Periodic Reporting for period 3 - Locus Ludi (Locus Ludi: The Cultural Fabric of Play and Games in Classical Antiquity)
Période du rapport: 2020-10-01 au 2022-03-31
The Project has completed several milestones. The search for ludic patrimony has produced a large collection of ancient sources, the reconstruction of interactive ancient games with rules, video animations, and many scientific and wide audience publications transforming the understanding of past ludic culture. Issues about the value of play and games in ancient education are addressed, along with testing in schools and museums. The study of board games and game tools is producing reference typologies; work on iconography is generating novel outcome on the agency of Greek children as well as on Greek and Roman fabric of gender.

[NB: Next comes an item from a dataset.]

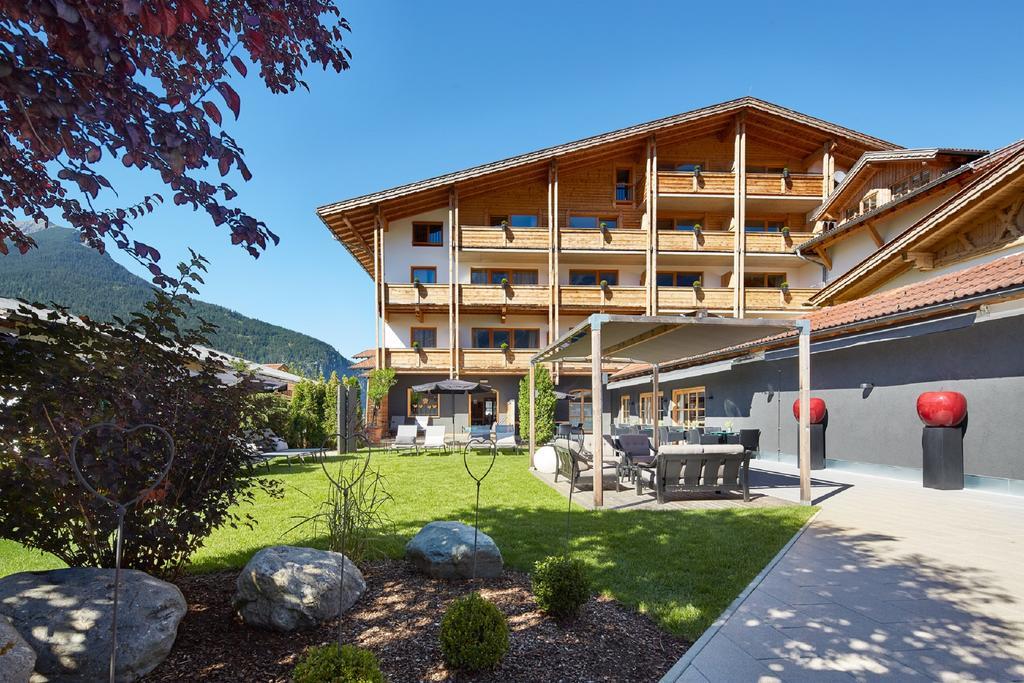 Der Gruene Baum Mountain Boutique Hotel Ehrwald Luaran gambar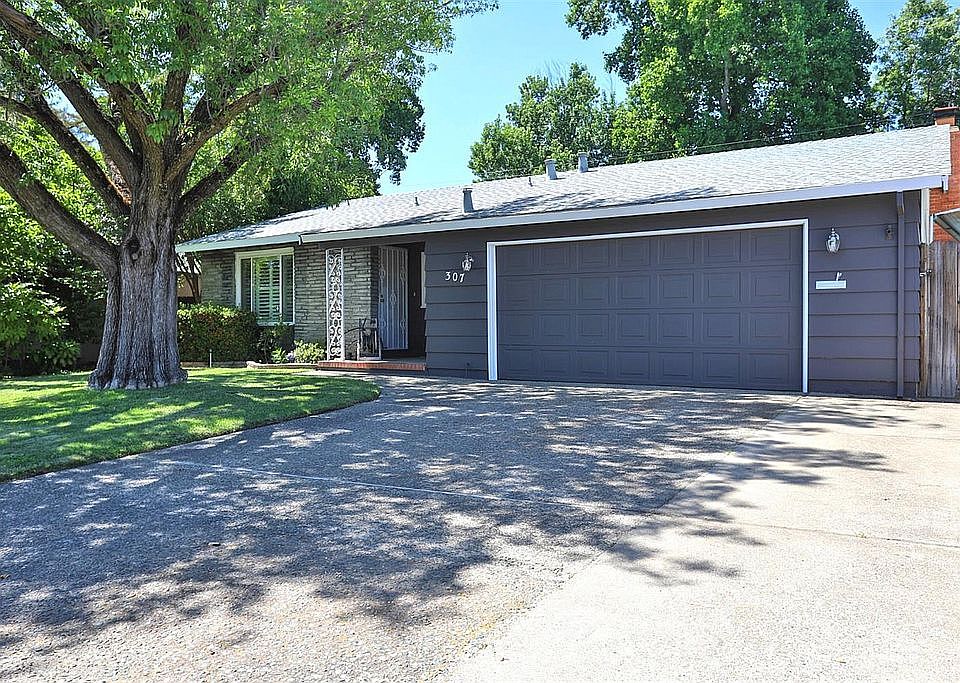 1st image of 307 Zola Ave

In the second half of the project, we focus on the social dynamic of games in public and private spaces, their symbolic value in liminal contexts, funerary and religious. Building on these results, we are producing a new theoretical and anthropological model of play in Antiquity in a global and transcultural perspective. Knowledge transfer is ensured by new methodologies, such as interactive games and collaborative tools, supported by dissemination activities, university teaching, international workshops and conferences, as well wide audience events (museum exhibitions, public events, schools). The inclusion of ancient play and games in education will involve training younger generations in Greek and Roman heritage as well as interpersonal skills, such as teamwork, negotiation, and community building competences.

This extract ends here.